In the spiritual beliefs of many African tribes, the leopard is a powerful totem animal that guides the spirits of the dead to rest. For many centuries there has existed a leopard cult in West Africa, particularly in Nigeria and Sierra Leone, whose members kill as does the leopard, by slashing, gashing, and mauling their human prey with steel claws and knives. Once a victim has been chosen and the date and time of the killing agreed upon, the executioner, known as the Bati Yeli, is selected. The Bati Yeli wears the ritual leopard mask and a leopardskin robe. Preferably, the human sacrifice is performed at one of the leopard cult’s jungle shrines. After the cult has killed their victim, they drink the blood and eat the flesh. The cultists believe that a magical elixir known as borfima, which they brew from their victim’s intestines, grants them superhuman powers and enables them to transform into leopards.

The first serious outbreak of leopard-cult murders occurred shortly after World War I in Sierra Leone and Nigeria. The region’s white administrators captured and executed a number of the cult’s members and felt that the nasty business had been suppressed. In actual fact, the leopard men simply went underground, continuing to perform ritual murders sporadically every year over the next two decades.

In 1946 there were forty-eight cases of murder and attempted murder committed by the leopard cult. Very much like the Mau Mau in Kenya, the leopard men had begun directing many of their attacks against whites, seemingly as a demonstration to the native population that the cult had no fear of the police or of the white rulers. The trend continued during the first seven months of 1947, when there were forty-three known ritual killings performed by the cult.

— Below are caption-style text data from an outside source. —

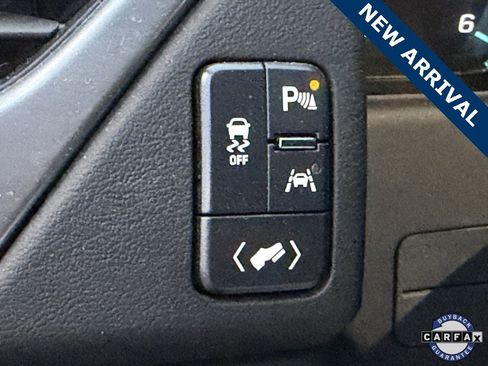 Used 2018 Chevrolet Tahoe LT image 14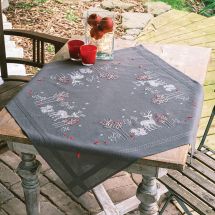 Kit tovaglia da ricamo - Vervaco - Animali della foresta in inverno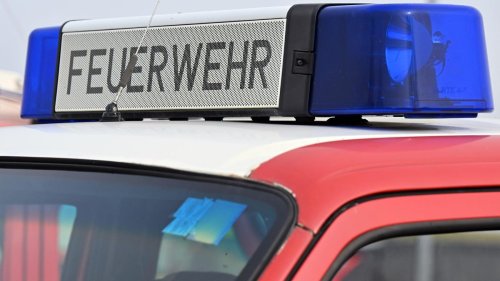 Feuerwehr-Einsatz in Hannover: Wegen Sturms? Baugerüst am NDR-Funkhaus stürzt zum Teil ein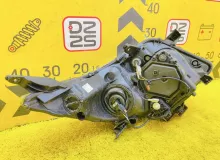 Фара TOYOTA ESQUIRE 2015 8117028D21 ZRR85G 3ZRFAE, передняя левая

Early in 1947 Terry Wilson, who had been the district officer of a province in eastern Nigeria for only six months, discovered that the leopard men had begun operating in his jurisdiction, claiming mainly young women as their victims. When Wilson raided the house of a local chief named Nagogo, his men found a leopard mask, a leopardskin robe, and a steel claw. And when, acting on a tip from an informer, Wilson ordered his police officers to dig near the chief’s house, they found the remains of thirteen victims. The chief was put in prison to await trial, and Wilson set out to put an end to the leopard men’s reign of terror.

Although Wilson received two hundred additional police officers as reinforcements, the leopard men became increasingly bold in their nocturnal attacks. One night they defied the police by sacrificing a female victim inside the police compound and got away without being seen. The inhabitants of the region lost all confidence in the police and their ability to stop the powerful leopard men. Even some of Wilson’s men began to believe that the cultists might truly have the ability to shape-shift into leopards and to fade unseen into the shadows.

By mid-August 1947 Wilson knew that his men were becoming unnerved, so he decided to attempt to set a trap for the leopard men. On the path to a village where several slayings had taken place, Wilson sent one of his best men, posing as the son of a native woman. The two walked side by side toward the village while Wilson and a dozen other officers concealed themselves in the bushes at the side of the path.

Suddenly a tall man in leopard robes charged the couple, swinging a large club. The young police officer struggled with the leopard man, but before Wilson and the other men could arrive on the scene, the cultist had smashed the officer’s skull with the club and fled into the bushes.

On a hunch, Wilson told his men to leave the officer’s body in the bushes beside the path. Dismissing the others, Wilson hid in the brush.

Around midnight, just as Wilson was about to return to the compound, a nightmarish figure crawling on all fours emerged from the jungle, pounced on the young officer’s corpse, and began clawing at his face like a leopard. But rather than claws raking the body, Wilson caught the glint of a two-pronged steel claw in the moonlight. The killer had returned to complete the cult ritual of sacrifice. Wilson advanced on the leopard man, and the robed murderer snarled as if he were truly a big cat. When he came at him with the two-pronged claw, Wilson shot him in the chest.

Wilson had provided the people with proof that the leopard men were not supernatural beings. The members of the cult did not have magic that could make them impervious to bullets. They were, after all, men of flesh and blood—savage, bestial, and vicious—but men, nonetheless. Once word had spread that the district officer had killed one of the leopard men, witnesses began to come forward in great numbers with clues to the identity of cult members and the possible location of a secret jungle shrine.

During February 1948 seventy-three initiated members of the cult were arrested and sent to prison. Eventually thirty-nine of them were sentenced to death and hanged in Abak Prison, their executions witnessed by a number of local tribal chiefs who could testify to their villages that the leopard men were not immortal.